By Noel Randewich
SANFRANCISCO (Reuters) – So-called FANG stocks dropped in extended trade on Thursday following disappointing quarterly reports from Amazon.com Inc and Alphabet Inc, two of the group’s components.
The weak results from Amazon and Google parent Alphabet were the latest setback for the high-growth quartet of stocks known as FANG, which also includes Facebook Inc and Netflix Inc.
Wall Street favourites in recent years, those stocks have been punished in a month of volatility for U.S. equities that has some investors worried a decade-old bull market may be ending.
After the bell, Amazon dropped 6 percent after the online retailer and cloud computing heavyweight’s quarterly net sales rose to $56.58 billion from $43.74 billion a year earlier, but missed analyst estimates of $57.1 billion, according to Refinitiv data.

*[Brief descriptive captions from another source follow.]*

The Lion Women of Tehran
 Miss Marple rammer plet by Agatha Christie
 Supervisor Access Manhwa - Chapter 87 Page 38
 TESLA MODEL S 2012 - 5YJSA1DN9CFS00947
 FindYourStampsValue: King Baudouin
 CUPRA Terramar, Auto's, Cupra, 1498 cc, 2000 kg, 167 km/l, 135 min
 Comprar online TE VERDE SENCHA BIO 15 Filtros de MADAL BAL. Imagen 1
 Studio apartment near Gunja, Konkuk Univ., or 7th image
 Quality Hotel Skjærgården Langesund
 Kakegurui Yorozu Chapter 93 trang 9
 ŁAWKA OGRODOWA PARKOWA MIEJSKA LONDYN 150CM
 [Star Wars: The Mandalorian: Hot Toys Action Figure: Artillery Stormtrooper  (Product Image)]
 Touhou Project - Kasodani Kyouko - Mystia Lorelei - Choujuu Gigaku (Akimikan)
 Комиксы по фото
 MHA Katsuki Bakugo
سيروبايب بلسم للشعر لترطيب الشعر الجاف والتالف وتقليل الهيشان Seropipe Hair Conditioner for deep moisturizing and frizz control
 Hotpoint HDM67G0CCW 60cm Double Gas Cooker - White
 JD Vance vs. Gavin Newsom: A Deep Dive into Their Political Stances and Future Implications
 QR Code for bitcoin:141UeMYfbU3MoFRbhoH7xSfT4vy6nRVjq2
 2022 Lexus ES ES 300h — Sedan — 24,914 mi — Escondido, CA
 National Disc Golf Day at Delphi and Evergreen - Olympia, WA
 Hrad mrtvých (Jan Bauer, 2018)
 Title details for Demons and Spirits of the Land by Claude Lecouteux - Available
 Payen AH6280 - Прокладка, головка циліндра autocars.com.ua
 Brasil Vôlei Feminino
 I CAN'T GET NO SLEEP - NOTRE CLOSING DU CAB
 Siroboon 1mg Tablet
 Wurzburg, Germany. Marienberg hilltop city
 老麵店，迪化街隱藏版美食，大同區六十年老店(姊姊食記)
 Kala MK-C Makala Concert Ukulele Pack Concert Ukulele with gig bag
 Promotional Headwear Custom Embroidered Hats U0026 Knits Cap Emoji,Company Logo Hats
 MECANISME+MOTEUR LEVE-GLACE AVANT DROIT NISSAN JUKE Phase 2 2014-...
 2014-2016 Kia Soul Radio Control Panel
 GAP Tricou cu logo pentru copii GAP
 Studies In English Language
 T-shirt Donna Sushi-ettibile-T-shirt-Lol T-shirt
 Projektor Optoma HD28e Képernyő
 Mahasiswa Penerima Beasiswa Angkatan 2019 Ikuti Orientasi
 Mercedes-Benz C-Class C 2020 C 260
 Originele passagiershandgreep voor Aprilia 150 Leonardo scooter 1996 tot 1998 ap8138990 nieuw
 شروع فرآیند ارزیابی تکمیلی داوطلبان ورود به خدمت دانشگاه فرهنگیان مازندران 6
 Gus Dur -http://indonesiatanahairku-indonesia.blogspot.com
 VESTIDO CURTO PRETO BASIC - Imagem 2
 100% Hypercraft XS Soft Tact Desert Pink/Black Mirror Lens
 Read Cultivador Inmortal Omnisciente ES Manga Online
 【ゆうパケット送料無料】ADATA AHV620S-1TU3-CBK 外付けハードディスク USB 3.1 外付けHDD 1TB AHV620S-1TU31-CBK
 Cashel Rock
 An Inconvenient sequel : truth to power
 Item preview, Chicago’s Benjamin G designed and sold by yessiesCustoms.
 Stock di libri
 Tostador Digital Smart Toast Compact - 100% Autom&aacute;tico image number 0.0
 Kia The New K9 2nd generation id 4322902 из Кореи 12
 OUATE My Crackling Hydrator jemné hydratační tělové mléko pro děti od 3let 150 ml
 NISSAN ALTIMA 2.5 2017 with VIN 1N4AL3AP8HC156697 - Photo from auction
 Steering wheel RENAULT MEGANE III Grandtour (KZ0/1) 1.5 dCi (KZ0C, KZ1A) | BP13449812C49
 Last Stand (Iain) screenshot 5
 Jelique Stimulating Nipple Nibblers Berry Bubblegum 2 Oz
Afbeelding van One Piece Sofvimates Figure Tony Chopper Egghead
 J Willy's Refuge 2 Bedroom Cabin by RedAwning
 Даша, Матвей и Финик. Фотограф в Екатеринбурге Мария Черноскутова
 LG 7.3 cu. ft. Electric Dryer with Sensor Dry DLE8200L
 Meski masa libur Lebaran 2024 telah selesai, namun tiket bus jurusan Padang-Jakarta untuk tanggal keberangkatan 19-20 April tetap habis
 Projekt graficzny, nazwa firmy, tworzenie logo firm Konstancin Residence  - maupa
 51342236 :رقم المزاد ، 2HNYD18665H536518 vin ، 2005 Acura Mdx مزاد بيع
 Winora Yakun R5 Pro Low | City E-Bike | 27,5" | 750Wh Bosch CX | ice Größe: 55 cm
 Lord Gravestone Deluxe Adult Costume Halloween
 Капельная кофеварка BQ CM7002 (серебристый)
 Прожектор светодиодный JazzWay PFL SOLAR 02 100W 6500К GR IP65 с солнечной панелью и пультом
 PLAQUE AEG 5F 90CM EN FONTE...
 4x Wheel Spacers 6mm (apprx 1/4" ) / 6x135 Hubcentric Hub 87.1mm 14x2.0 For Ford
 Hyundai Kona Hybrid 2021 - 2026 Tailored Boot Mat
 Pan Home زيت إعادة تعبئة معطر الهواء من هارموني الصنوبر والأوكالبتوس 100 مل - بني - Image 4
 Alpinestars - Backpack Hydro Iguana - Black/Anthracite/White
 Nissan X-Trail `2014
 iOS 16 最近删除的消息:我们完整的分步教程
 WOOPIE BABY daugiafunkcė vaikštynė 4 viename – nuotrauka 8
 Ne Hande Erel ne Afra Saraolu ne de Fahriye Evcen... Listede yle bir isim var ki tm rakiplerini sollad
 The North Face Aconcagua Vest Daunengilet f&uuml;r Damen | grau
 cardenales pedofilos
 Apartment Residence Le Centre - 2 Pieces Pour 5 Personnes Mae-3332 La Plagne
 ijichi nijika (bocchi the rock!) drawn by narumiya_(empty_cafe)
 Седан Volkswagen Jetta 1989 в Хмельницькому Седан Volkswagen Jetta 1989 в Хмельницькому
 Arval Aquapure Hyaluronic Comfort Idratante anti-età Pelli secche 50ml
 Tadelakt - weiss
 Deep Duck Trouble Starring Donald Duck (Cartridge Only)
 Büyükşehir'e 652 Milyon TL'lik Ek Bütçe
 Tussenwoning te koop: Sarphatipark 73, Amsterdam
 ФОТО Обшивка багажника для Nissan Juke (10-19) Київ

Alphabet missed analysts’ estimates for third-quarter revenue, while rising expenses trimmed its operating margin for the third straight quarter, fanning concerns about regulatory scrutiny. Its stock fell 4.7 percent.
Reacting after hours, Netflix dipped 1.9 percent and Facebook, which reports results on Oct. 30, lost 1.5 percent.
Earlier on Thursday, all four FANG stocks rallied by between 3 and 7 percent, regaining some of the territory lost in recent weeks during a broad market selloff.